Work to be completed:
Look in the material below for the line holding "Джинсы #КТ88162, синий". Set it down exactly, with each later line up to and including the line holding "Best Choice LYNDEX-NIKKEN".

Task inputs:
-.-.-
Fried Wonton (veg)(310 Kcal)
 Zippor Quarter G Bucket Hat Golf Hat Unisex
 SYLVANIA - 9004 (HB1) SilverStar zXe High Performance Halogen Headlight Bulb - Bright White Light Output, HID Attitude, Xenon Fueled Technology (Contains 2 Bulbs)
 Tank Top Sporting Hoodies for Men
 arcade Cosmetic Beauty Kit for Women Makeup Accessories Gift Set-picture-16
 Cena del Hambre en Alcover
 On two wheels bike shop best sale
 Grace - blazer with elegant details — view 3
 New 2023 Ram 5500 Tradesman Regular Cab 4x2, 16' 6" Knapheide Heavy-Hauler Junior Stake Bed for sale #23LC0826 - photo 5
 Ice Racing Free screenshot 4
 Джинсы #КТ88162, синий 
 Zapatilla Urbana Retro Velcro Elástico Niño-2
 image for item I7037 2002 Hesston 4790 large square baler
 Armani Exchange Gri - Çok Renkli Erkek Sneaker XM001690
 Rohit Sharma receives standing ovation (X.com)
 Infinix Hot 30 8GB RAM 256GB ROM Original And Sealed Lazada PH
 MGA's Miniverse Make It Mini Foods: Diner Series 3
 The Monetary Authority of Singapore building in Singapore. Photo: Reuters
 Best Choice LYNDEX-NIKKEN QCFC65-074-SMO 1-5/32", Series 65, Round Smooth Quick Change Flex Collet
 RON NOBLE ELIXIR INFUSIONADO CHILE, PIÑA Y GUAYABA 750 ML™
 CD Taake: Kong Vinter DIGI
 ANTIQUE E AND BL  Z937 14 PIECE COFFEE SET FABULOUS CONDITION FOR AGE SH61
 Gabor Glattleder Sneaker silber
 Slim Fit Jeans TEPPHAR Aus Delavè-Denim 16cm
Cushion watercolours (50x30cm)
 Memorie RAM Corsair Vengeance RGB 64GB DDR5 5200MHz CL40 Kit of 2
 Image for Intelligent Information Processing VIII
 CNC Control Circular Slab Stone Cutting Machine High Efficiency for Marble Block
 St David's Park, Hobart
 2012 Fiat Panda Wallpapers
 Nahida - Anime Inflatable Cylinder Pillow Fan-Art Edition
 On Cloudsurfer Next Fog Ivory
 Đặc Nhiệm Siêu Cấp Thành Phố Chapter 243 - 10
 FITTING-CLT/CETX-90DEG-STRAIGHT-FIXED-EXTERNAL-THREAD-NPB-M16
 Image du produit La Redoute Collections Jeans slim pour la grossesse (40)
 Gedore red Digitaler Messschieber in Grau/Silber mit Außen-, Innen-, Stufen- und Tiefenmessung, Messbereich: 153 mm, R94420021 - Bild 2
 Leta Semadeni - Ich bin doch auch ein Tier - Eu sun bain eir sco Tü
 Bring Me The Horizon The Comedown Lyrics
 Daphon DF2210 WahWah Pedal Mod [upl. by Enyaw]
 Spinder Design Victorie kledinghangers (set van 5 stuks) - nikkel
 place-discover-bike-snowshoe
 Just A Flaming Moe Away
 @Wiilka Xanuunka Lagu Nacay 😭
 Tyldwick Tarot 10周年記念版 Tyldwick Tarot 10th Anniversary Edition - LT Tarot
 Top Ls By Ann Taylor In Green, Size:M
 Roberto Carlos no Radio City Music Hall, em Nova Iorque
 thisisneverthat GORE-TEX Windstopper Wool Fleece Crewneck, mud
-.-.-
Response to this exercise:
 Джинсы #КТ88162, синий 
 Zapatilla Urbana Retro Velcro Elástico Niño-2
 image for item I7037 2002 Hesston 4790 large square baler
 Armani Exchange Gri - Çok Renkli Erkek Sneaker XM001690
 Rohit Sharma receives standing ovation (X.com)
 Infinix Hot 30 8GB RAM 256GB ROM Original And Sealed Lazada PH
 MGA's Miniverse Make It Mini Foods: Diner Series 3
 The Monetary Authority of Singapore building in Singapore. Photo: Reuters
 Best Choice LYNDEX-NIKKEN QCFC65-074-SMO 1-5/32", Series 65, Round Smooth Quick Change Flex Collet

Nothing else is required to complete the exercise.